Start with self-help....I know exercise is a very overrated but effective way to manage self-issues either health or mental well being. I advice a good YOGA or Running. This really helped me clear the bad thoughts and of course including my physical state. For a more advance approach; a good diet will trully help; I suggest Intermittent fasting or Low-Carb diet to focus on something instead of your problems thus leading to a healthier and better you. Easier said than done but we gotta start somewhere to achieve the unimaginable.


----------



## DerrickOdea (Aug 17, 2015)

Your therapist would help you get rid of all these anxiety symptoms, also I suggest you to try your own. Doing exercise and healthy eating makes your mind and body naturally fit.

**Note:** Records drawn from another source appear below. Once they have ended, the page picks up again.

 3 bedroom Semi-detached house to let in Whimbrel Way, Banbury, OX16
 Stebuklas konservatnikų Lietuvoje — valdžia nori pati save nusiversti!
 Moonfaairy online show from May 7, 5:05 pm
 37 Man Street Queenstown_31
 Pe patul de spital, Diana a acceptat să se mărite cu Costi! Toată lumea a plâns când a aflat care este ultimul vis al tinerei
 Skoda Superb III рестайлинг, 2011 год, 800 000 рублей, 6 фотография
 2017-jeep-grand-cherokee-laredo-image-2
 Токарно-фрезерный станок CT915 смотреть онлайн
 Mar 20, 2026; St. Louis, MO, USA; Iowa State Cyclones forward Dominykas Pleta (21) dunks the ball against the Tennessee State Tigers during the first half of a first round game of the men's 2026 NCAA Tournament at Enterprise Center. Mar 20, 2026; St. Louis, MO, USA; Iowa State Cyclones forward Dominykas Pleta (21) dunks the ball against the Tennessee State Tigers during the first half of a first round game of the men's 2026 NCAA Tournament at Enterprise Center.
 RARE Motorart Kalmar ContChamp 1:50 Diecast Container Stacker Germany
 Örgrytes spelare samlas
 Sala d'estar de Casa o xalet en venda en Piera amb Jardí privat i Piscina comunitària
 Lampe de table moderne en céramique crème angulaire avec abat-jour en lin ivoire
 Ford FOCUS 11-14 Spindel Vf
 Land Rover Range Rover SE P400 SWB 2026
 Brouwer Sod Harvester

Yoga and meditation is also a good idea.


----------



## 7th.Streeter (May 11, 2011)

I'm sorry you're having a tough time...

But what you listed sounds like bpd... Just try your best to hold on.I hope u get the help you deserve.


----------



## sarafinanickelbocker (May 16, 2010)

JD91 said:


> I have to wait a little longer for counseling but I think I need help, not just for social anxiety but for too many mental disorders. I just know alot is wrong with me...severe anger issues, bad hormonal issues, constant suicidal thoughts (even after really good days like today), depression, anxiety, outbursts, hyperactivity....I don't even know where to begin.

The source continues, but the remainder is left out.